Media, Cyber-War Paced Up Against Taliban For Taking Over Afghanistan

KABUL ( JAVED MAHMOOD )
Afghan Taliban militants stand with residents as they took to the street to celebrate ceasefire on the second day of Eid in the outskirts of Jalalabad on June 16,2018. Taliban fighters and Afghan security forces hugged and took selfies with each other in restive eastern Afghanistan on June 16, as an unprecedented ceasefire in the war-torn country held for the second day of Eid. 

Western media and some diplomats have launched a cyber-war against Taliban for taking control of Afghanistan.

Anti-Taliban Media entitites, diplomats, and political leaders are reporting fake and fabricated incidents of killings of Afghan people in protests against the Taliban takeover.
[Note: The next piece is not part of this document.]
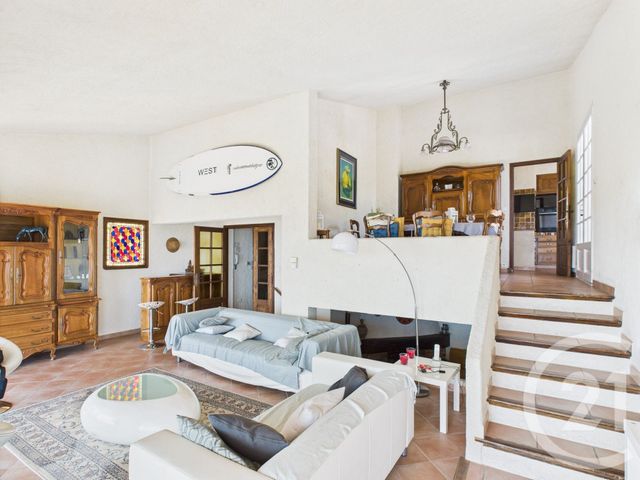 maison à louer - 5 pièces - 197.0 m2 - LA VALETTE DU VAR - 83 - PROVENCE-ALPES-COTE-D-AZUR - Century 21 Colbert Immobilier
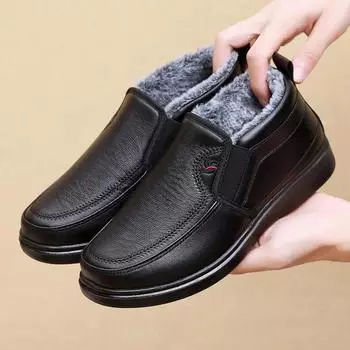 Winter men s boots, casual and warm, anti slip and waterproof thick cotton shoes for middle-aged and elderly people 39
For example, Arab News today reported that several people were killed when Taliban militants fired on a crowd in the eastern city of Asadabad, a witness said. Another witness reported gunshots near a rally in Kabul, but they appeared to be Taliban firing into the air. Arab News, however, gave no evidence of deaths or injuries to Afghan people and the story was based on anti-Taliban witnesses.

When the Taliban took over control of Kabul, they announced general amnesty for everyone. The world is also shocked to see that the Taliban have taken control of Kabul without firing a single bullet, however, anti-Taliban groups and media are still making baseless propaganda against the Taliban.

On the day Afghanistan celebrates its independence from British control in 1919, a social media video showed a crowd of men and women in Kabul waving black, red and green national flags. “Our flag, our identity,” they shouted.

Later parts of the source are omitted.